* [Data section]:
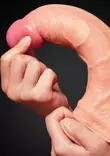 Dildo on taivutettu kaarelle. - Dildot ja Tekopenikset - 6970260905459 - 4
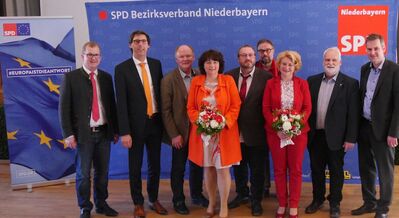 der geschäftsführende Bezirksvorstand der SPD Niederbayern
--
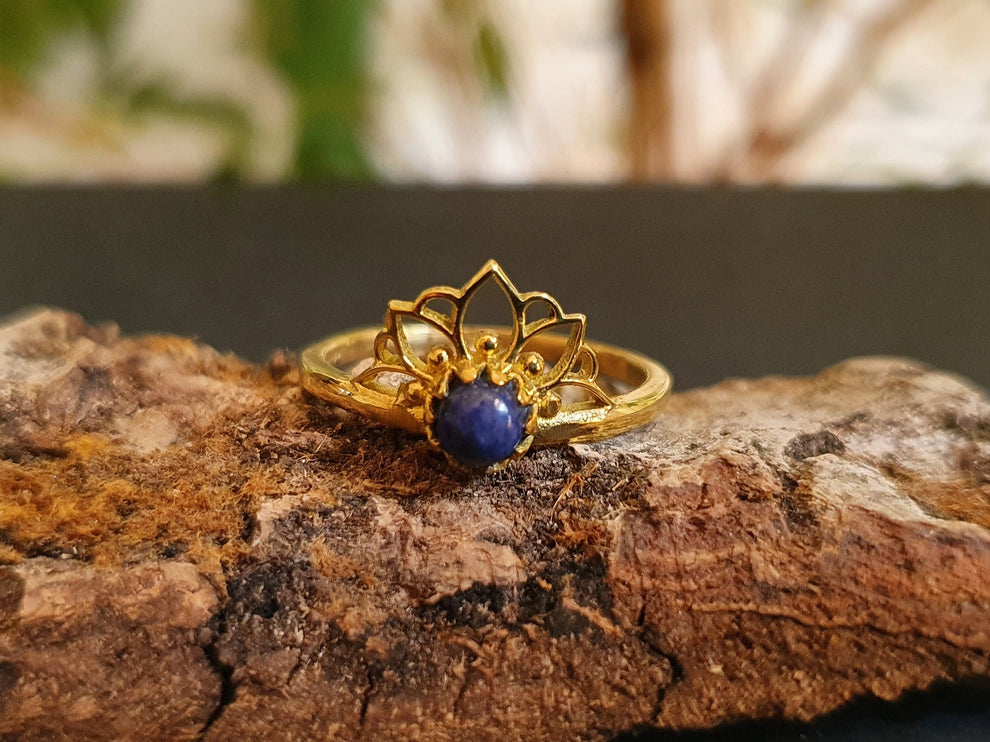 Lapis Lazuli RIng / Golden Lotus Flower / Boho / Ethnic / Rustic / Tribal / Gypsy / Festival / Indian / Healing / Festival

* [Exercise goal]: Exact copy, pictures excluded: every line above from the one containing "Dildo on taivutettu" to the one containing "der geschäftsführende Bezirksvorstand", inclusive, and nothing more.

* [Exercise output]:
 Dildo on taivutettu kaarelle. - Dildot ja Tekopenikset - 6970260905459 - 4
 der geschäftsführende Bezirksvorstand der SPD Niederbayern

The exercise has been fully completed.